Bioinformatics and systems biology analysis revealed PMID26394986-Compound-10 as potential repurposable drug against covid-19

J Biomol Struct Dyn. 2023 Aug 3:1-14. doi: 10.1080/07391102.2023.2242500. Online ahead of print.

Abstract

The global health pandemic known as COVID-19, which stems from the severe acute respiratory syndrome coronavirus 2 (SARS-CoV-2), has become a significant concern worldwide. Several treatment methods exist for COVID-19; however, there is an urgent demand for previously established drugs and vaccines to effectively combat the disease. Since, discovering new drugs poses a significant challenge, making the repurposing of existing drugs can potentially reduce time and costs compared to developing entirely new drugs from scratch. The objective of this study is to identify hub genes and associated repurposed drugs targeting them. We analyzed differentially expressed genes (DEGs) by analyzing RNA-seq transcriptomic datasets and integrated with genes associated with COVID-19 present in different databases.

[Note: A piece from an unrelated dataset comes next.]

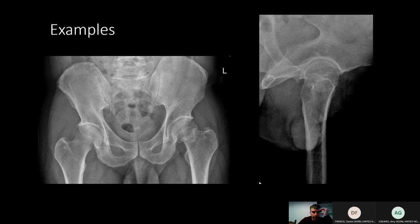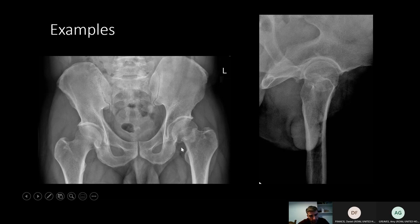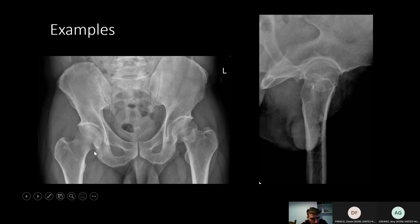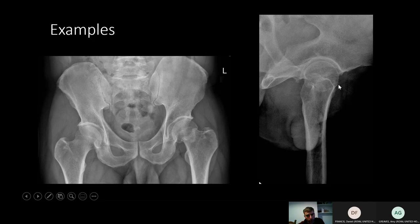Here's a fairly subtle subcapital neck fracture. If you follow along you can see there's a bit of increased radiodensity at the bottom of the head. On the normal side we've got a nice curve — Shenton's line — whereas that becomes disrupted on the left-hand side. On the lateral you can probably see a small step here indicating a fracture. This is intracapsular, so it's going to need replacing.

We detected 173 Covid-19 associated genes for the construction of a protein-protein interaction (PPI) network which resulted in the identification of the top 10 hub genes/proteins (STAT1, IRF7, MX1, IRF9, ISG15, OAS3, OAS2, OAS1, IRF3, and IRF1). Hub genes were subjected to GO functional and KEGG pathway enrichment analyses, which indicated some key roles and signaling pathways that were strongly related to SARS-CoV-2 infections. We conducted drug repurposing analysis using CMap, TTD, and DrugBank databases with these 10 hub genes, leading to the identification of Piceatannol, CKD-712, and PMID26394986-Compound-10 as top-ranked candidate drugs. Finally, drug-gene interactions analysis through molecular docking and validated via molecular dynamic simulation for 80 ns suggests PMID26394986-Compound-10 as the only potential drug. Our research demonstrates how in silico analysis might produce repurposing candidates to help respond faster to new disease outbreaks.Communicated by Ramaswamy H. Sarma.

Keywords: COVID-19; MD simulation; bioinformatics; molecular docking; repurposing.